Der nächste Entwicklungsschritt waren die Schülerbälle im Festsaal. Anfang der 80er gab in meiner Geburtstadt noch jedes der fünf Gymnasien seinen eigenen Ball, dazu kam der BDKJ-Ball, auf dem es so richtig abging (Bund der deutschen katholischen Jugend, kein Witz). Zu dieser Entwicklung gehörte dann auch der Kampf mit den Eltern, auf wie viele von diesen Bällen ich gehen und wie lange ich bleiben durfte. Die Wahl des Kostüms schwankte zwischen den beiden Zielen, möglichst unerkannt zu bleiben und so attraktiv wie möglich zu wirken. Der jahreszeitliche Vorteil: Zu Fasching ließ die gestrenge Frau Mama tatsächlich mehr nackte Tochterhaut zu als im Hochsommer. Nur dass ich auf die daraus resultierenden Avancen der jungen Burschen komplett hilflos reagierte (da ich Gekicher oder Zickerei saudoof fand, verlegte ich mich auf normale Konversation – ein echter Abturner, wie sich herausstellte).
Als ich dann ins Alter für die erwachsenen Faschingsbälle kam, war ich zum einen bereits von der Muffelei infiziert, zum anderen hatte der Niedergang der Faschingskultur eingesetzt. Meine Eltern erzählen, dass heute von den einst Dutzenden Faschingsbällen in allen tanztauglichen Sälen der Provinzstadt noch genau einer übrig ist.

Seit einigen Jahren trauere ich dem hinterher. Die eine Faschingsparty, die ich vor Jahren unter dem Thema „Zirkus“ veranstaltete, ging komplett daneben. Zwar kamen die Gäste brav im Kostüm, aber dann saßen sie halt als Löwe und Dompteur, als Zirkusdirektor und als Clown plaudernd herum. Irgendwann schaffte ich es auch auf einen der einst berühmten Münchner Rundfunkbälle, doch zu zweit wurde es nicht so richtig fröhlich. Zum Mitgehen in größerer Gruppe finde ich niemanden, da meine Umgebung weiterhin aus Faschingsmuffeln besteht.

Das einzige Ventil für meine latente Faschingsfreude ist der Verzehr von Krapfen, ab dem Faschingswochenende und in großen Mengen. Dieses Jahr war ich endlich so weit, mich auch auf die exotischen Krapfenkreationen einzulassen, um die ich bislang naserümpfend einen großen Bogen gemacht hatte. Ich hatte ja bereits verächtlich auf Bäcker herab gesehen, die statt dem authentischen Hiffenmark für die Füllung Himbeer- oder gar Aprikosenmarmelade verwenden. (Ganz die Mama, das mit der Verachtung.)
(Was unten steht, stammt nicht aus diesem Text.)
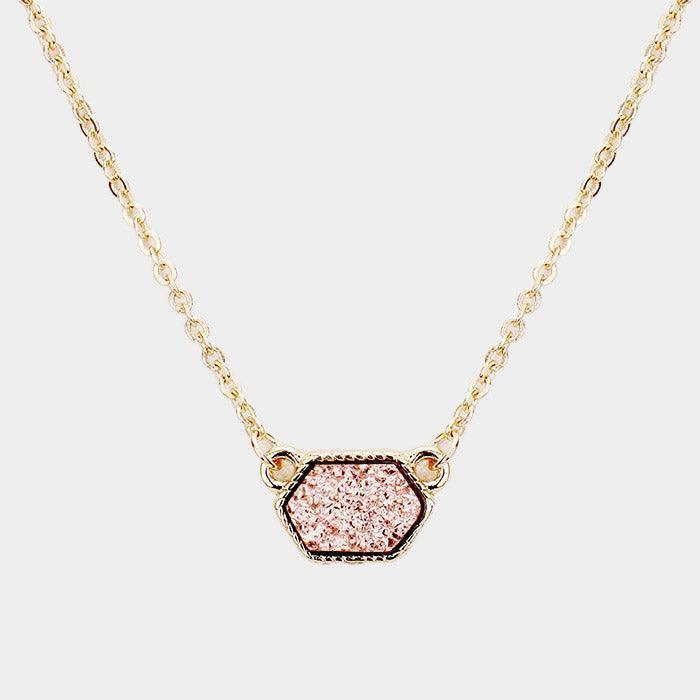 Rose Gold Hexagon Druzy Pendant Necklace - Jewelry Store by Erik Rayo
Vanillekrapfen, so stellte ich fest, sind wirklich in Ordnung. Der lockere Hefeteig harmoniert sehr gut mit der Puddingfüllung, insgesamt ergibt sich eine angenehme Bienenstich-Anmutung. Das selbe in gelber und leicht alkoholisch ist dann ein Eierlikör-Krapfen: Geht schon mehr in Richtung Torte als Kuchen, aber lecker. Mit Schokopudding innen wird ein ebenfalls akzeptabler Nougatkrapfen draus, in alkoholisierter Variante ein Baileys-Krapfen.
Überhaupt nicht geht, was gestern der Mitbewohner zum Nachtisch servierte: weder grüne Schoko-Minz-Sahne als Füllung samt grünem Zuckerguss mit After-Eight-Garnitur noch „Pina-Colada“-Füllung unter Kokos-Zucker-Panzer. Mutig, aber verfehlt.
Nur vom Hörensagen kenne ich Apfelmus als Füllung, kombiniert mit Zitronenguss; stelle ich mir sehr lecker vor. Wie wäre es zudem mit einer schaumigen Quarkfüllung?

Dass die klassischen Krapfen seit einiger Zeit mit Traubenzucker statt mit normalem Puderzucker bestäubt werden, lehne ich allerdings weiterhin ab.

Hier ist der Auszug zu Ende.